I say just “photos” because these aren’t wildlife photos (though several species are mentioned), but civilization photos. Still, please send in your wildlife photos, as I’m running low, and may have to cancel this feature.
Let’s go to church this morning! These lovely photos come from William Savage, whose notes are indented:
No wildlife this time but some history in the beautiful Norfolk landscape. My wife and I went to find All Saints Church, Waterden: a church which has completely lost its village and now stands by itself in the fields, surrounded by nothing but agriculture and woods. You get there down a narrow lane with room for only one vehicle at any time going in a single direction. Fortunately, we met nothing on the way besides a stoat (Mustela erminea), which ran across the road in front of us.When you arrive, you need to walk down another pathway to the church itself.
It’s tiny! No electricity, heating or anything else modern inside, so services can only be held occasionally in summer. There’s also a candlelight Midnight Mass listed on the notice board, which I’m told attracts a capacity congregation of about 60 people, many of whom have to stand throughout.Over the years, much of the building has collapsed and been patched like this:
There are still some 13th-century parts, however. Like this carved part of window tracery, now oddly placed in the wall of the porch.
Inside it is starkly plain, with early 19th-century box pews and whitewashed walls.

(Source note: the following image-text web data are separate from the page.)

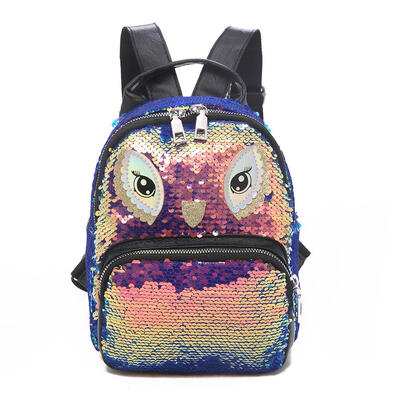 

Sequins Eyes Travel Backpacks Women School Bags PU Leather Small Knapsack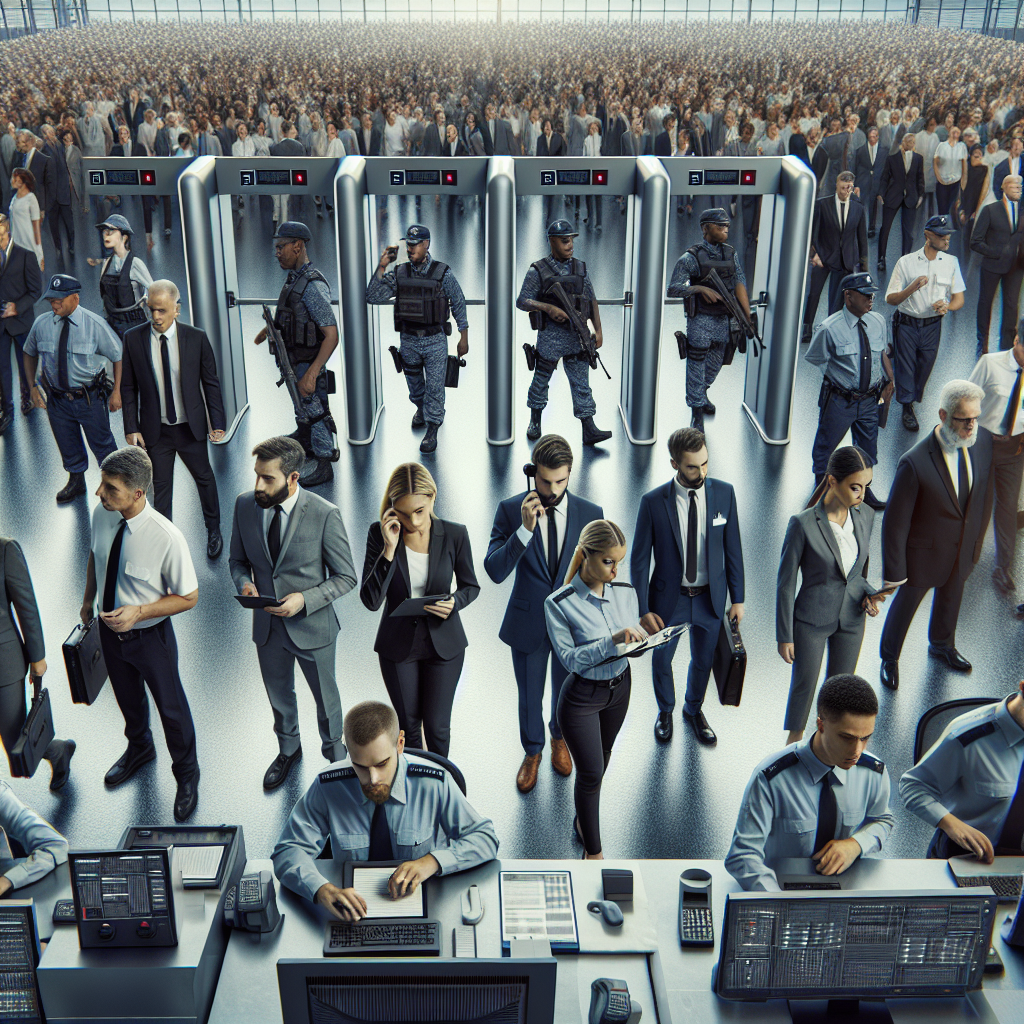 A well-coordinated team of security personnel using advanced technology alongside traditional methods at a large-scale event, showcasing effective venue security practices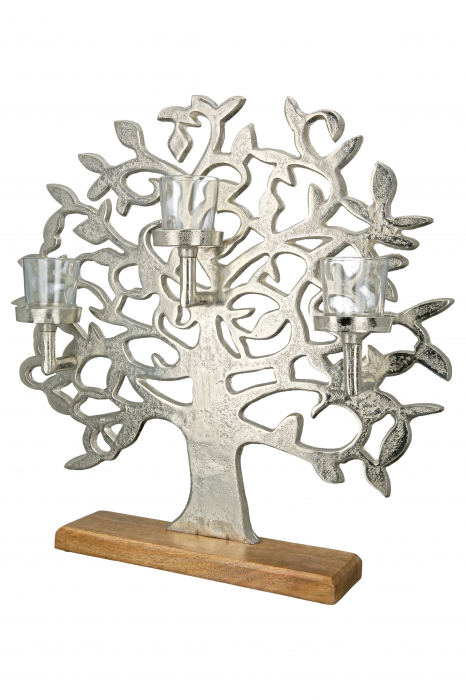 Suport lumanari Tree of Life, Aluminium, Argintiu, 46x49x11 cm [3]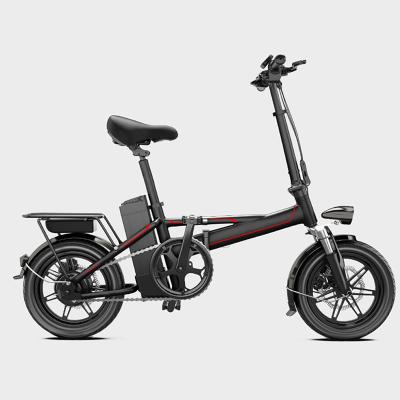 China 2021 New Cheap 14 Inch Mini Electric Bicycle Foldable SmallFolding Aluminum Alloy E-Bike 350w With Lithium Battery for sale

The main impact the place had on us was the complete peace. All we heard outside were the calls of a family of Common Buzzards (Buteo buteo), which were circling over the woods. There were sometimes three and sometimes four; parents and this year’s fully fledged young. They make a sound very like a cat asking for food! Now we also know of another species of raptor with a similar call, for their cries were answered in a slightly higher pitch by a pair of Red Kites (Milvus milvus), which drifted past high overhead. The two species seem to be able to coexist in the same localities, probably because they focus on different prey. The kite has longer, thinner wings and is designed for sailing over the countryside, looking for carrion and anything small and vulnerable. The buzzard is more of a specialist hunter of rabbits and hares, though it will take carrion as well.
The south door is original 13th-century work, patched up in modern times. This final picture gives the best sense of how isolated the church is.
You can see the fields stretching away to the horizon, as well as the way the walls now lean at odd angles and are patched with brick. Norfolk has no building stone, so the bulk of the church is made from flints, giving it the effect of a vertical cobbled road!